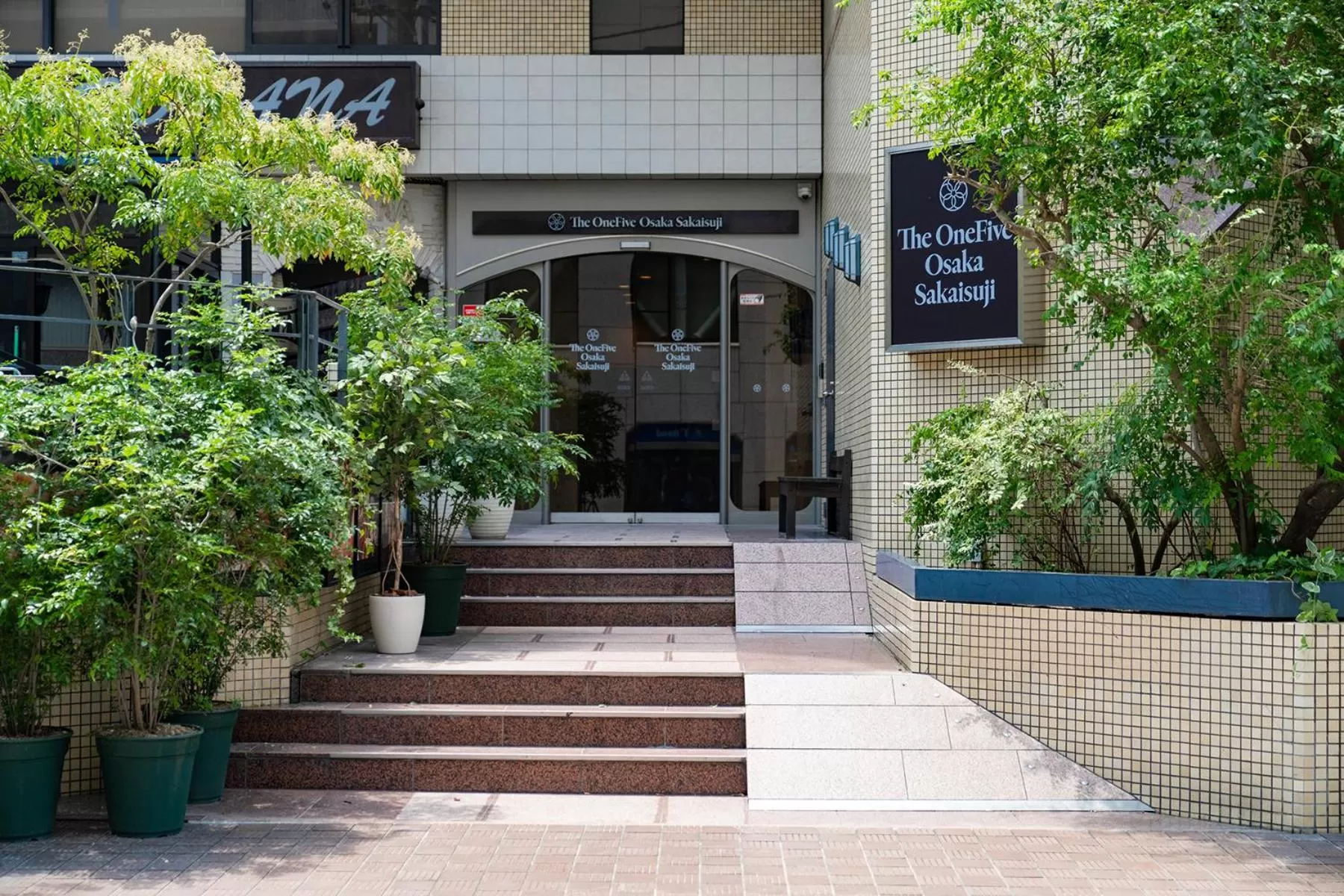Facade/entrance in The OneFive Osaka Sakaisuji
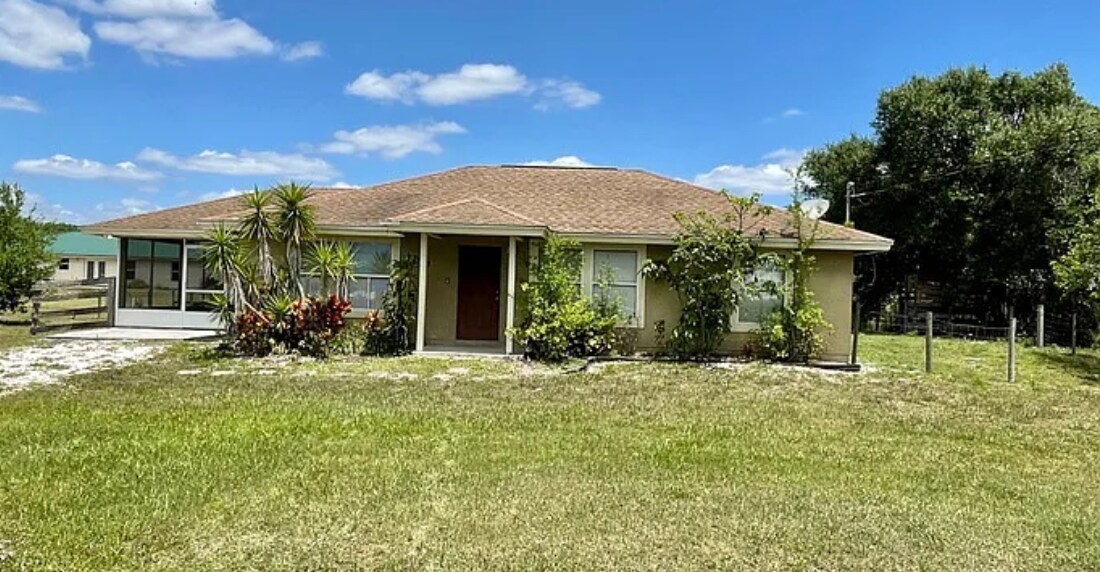 7273 NW 80th Ct in Okeechobee, FL - Building Photo
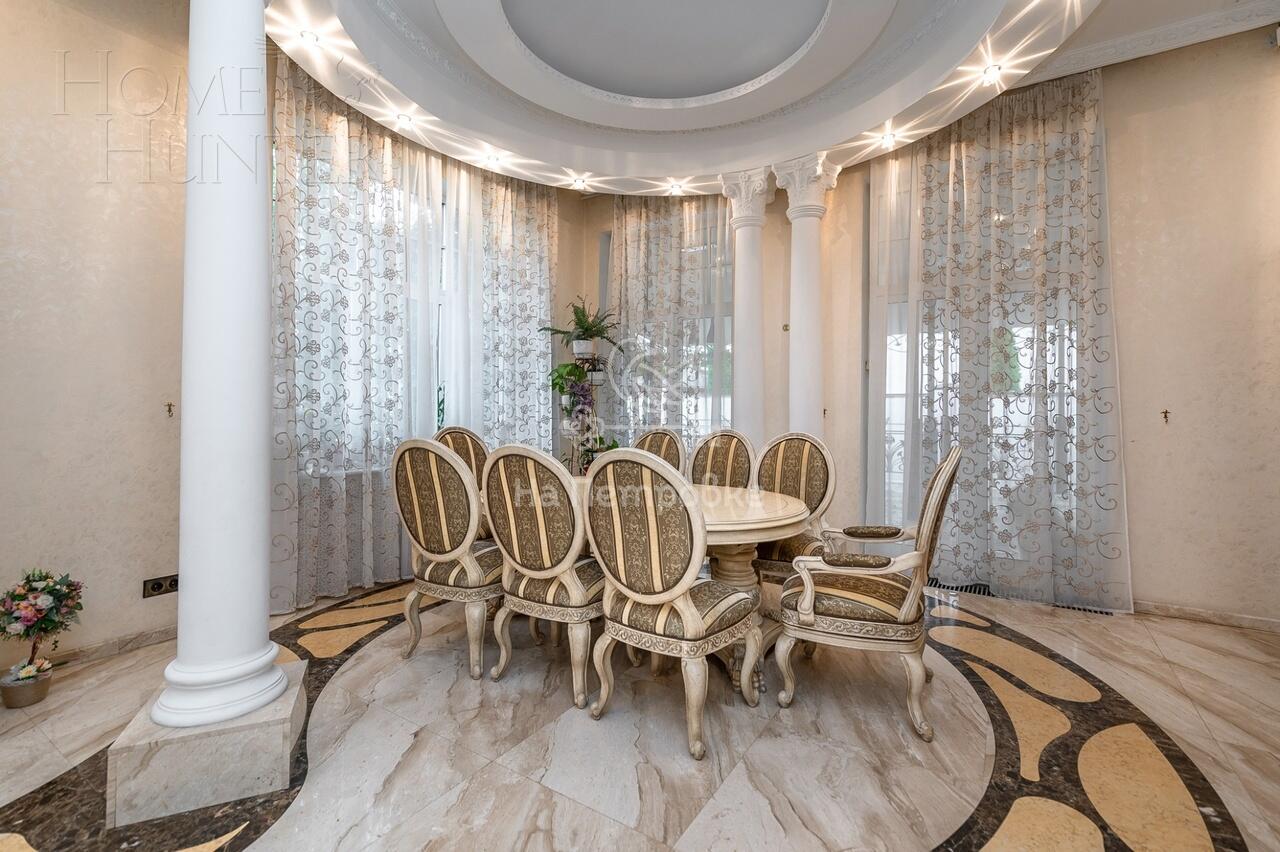 2-этажный коттедж 630 м² с отделкой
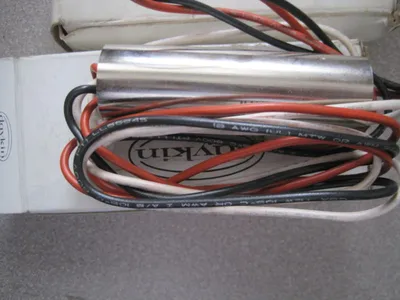 NEW DAYKIN 325 AL PROXIMITY SWITCH 325AL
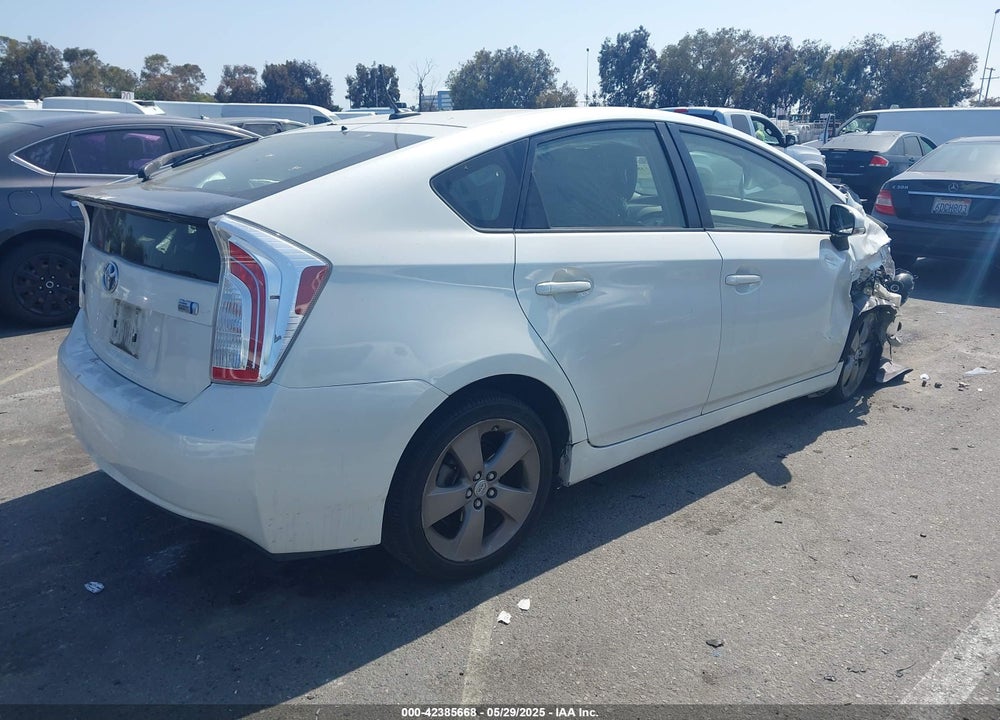 2015 TOYOTA PRIUS VIN: JTDKN3DU0F0401002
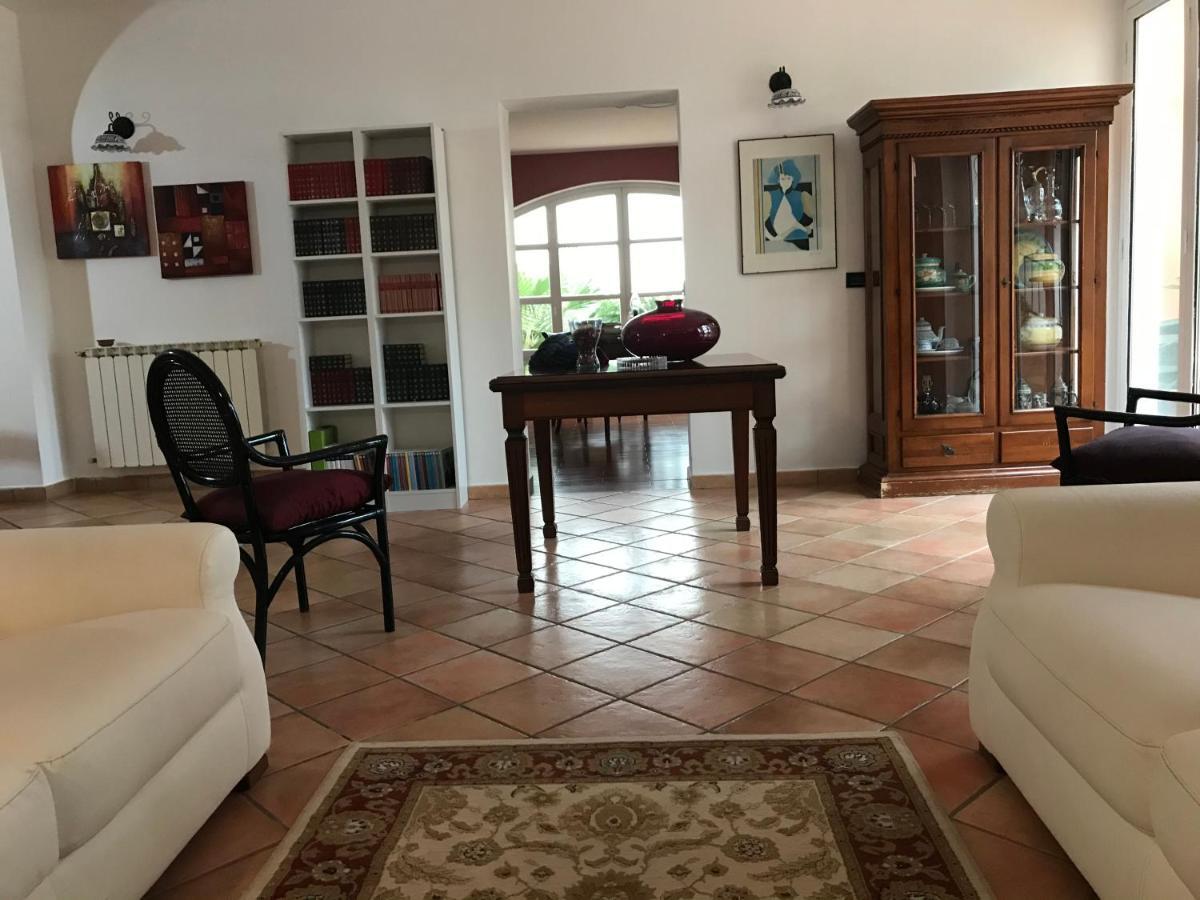 Villa Grace Patti Luaran gambar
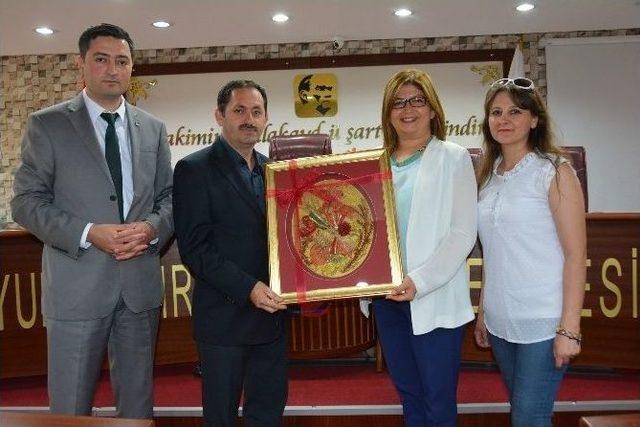 &Ouml;ğrenciler Yunusemre Belediyesi&rsquo;ni Tanıdı 1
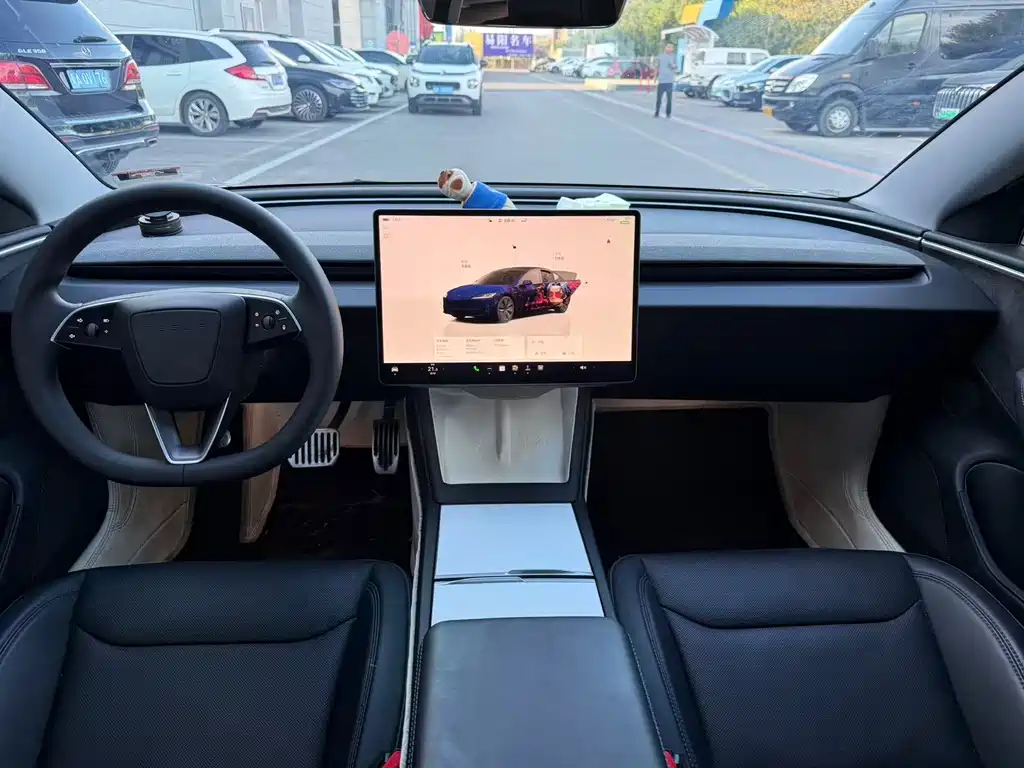 Tesla Model 3 — миниатюра 8
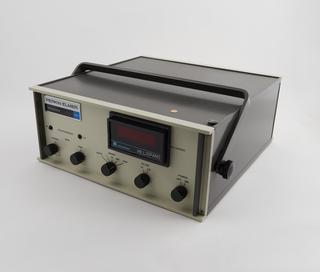 Control / readout unit for micro-balance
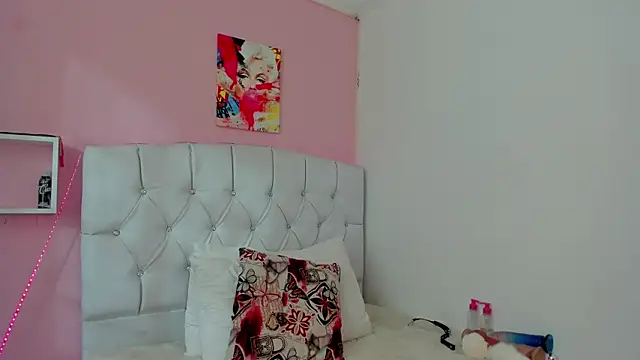 Snapshot of 18candys chatting on 10-03-25, 09:23 18candys online show from 10-03-25, 09:23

──────

Beginning with the line that contains "Belediyesi&rsquo;ni Tanıdı 1", repeat every remaining line of the data exactly, the last line included, and omit pictures.

 &Ouml;ğrenciler Yunusemre Belediyesi&rsquo;ni Tanıdı 1
 Tesla Model 3 — миниатюра 8
 Control / readout unit for micro-balance
 Snapshot of 18candys chatting on 10-03-25, 09:23 18candys online show from 10-03-25, 09:23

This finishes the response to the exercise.